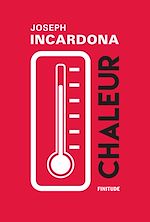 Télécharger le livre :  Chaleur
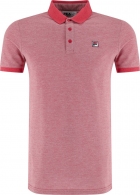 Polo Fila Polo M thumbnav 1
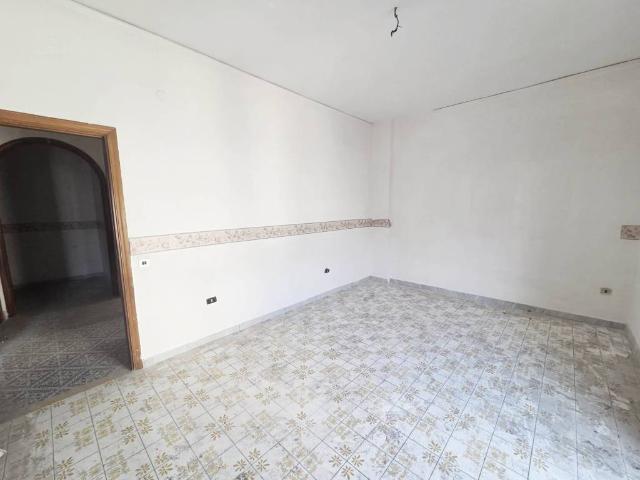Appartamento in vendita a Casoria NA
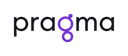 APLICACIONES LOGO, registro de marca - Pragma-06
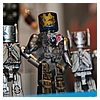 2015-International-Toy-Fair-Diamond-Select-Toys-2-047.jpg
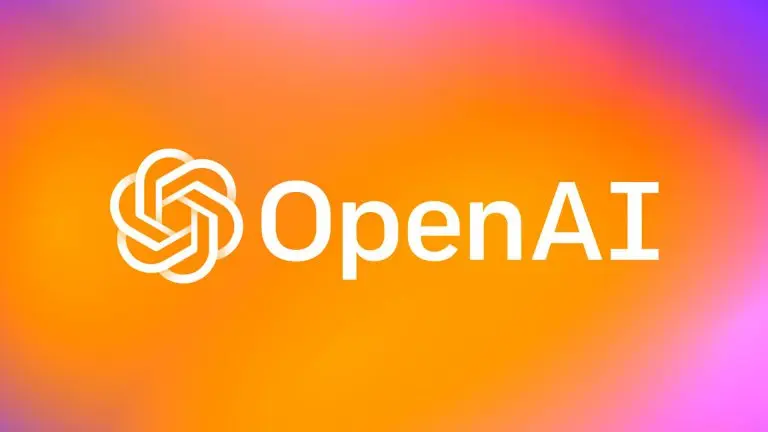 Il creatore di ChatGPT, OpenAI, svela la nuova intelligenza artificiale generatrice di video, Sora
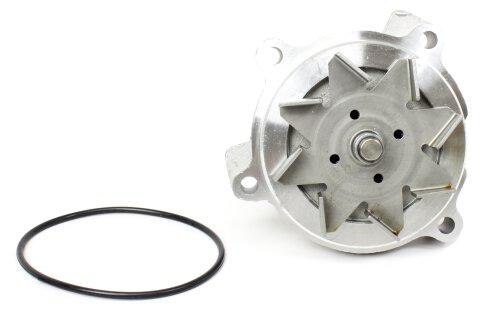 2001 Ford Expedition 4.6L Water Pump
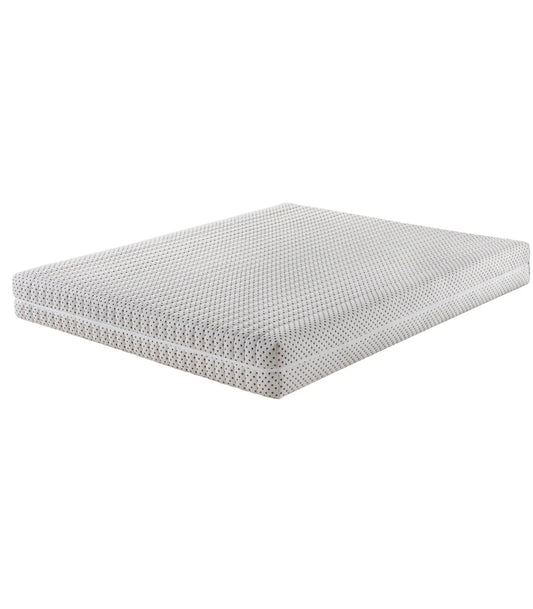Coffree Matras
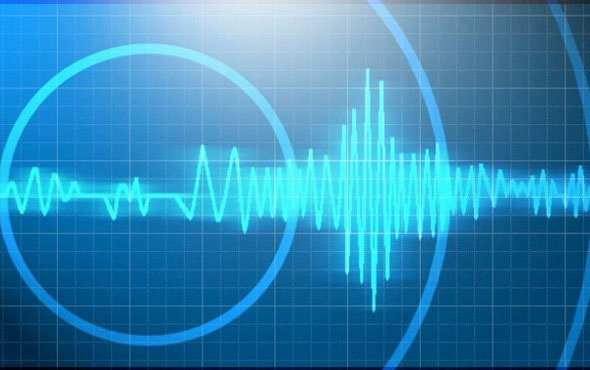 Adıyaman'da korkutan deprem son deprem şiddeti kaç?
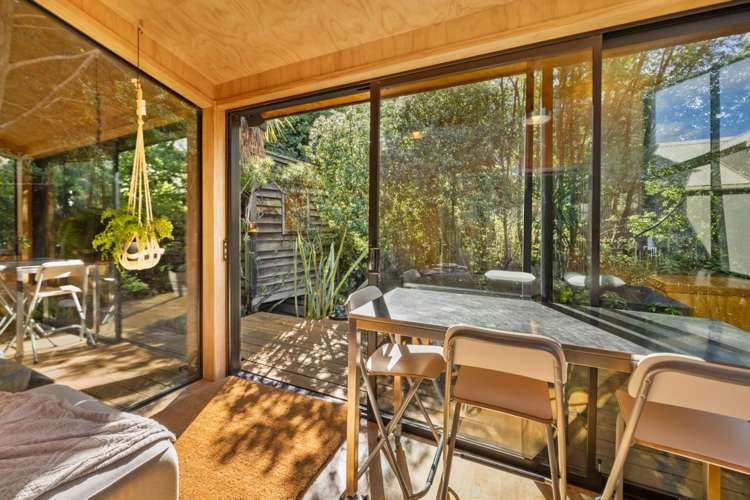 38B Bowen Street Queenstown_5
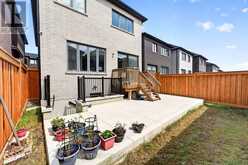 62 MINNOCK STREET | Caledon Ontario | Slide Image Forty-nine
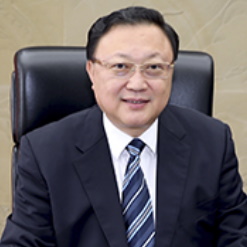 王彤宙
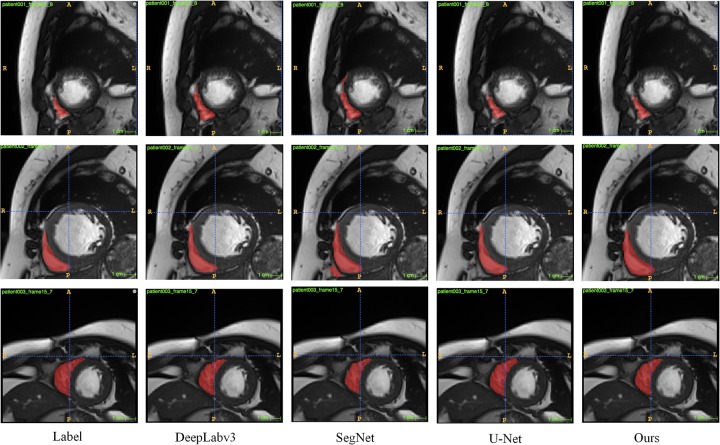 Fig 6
:::
• _What this task involves_
Leave out the pictures, and retype exactly the lines from the one containing "Adıyaman'da korkutan deprem" through the final line of the data.

• _Result_
 Adıyaman'da korkutan deprem son deprem şiddeti kaç?
 38B Bowen Street Queenstown_5
 62 MINNOCK STREET | Caledon Ontario | Slide Image Forty-nine
 王彤宙
 Fig 6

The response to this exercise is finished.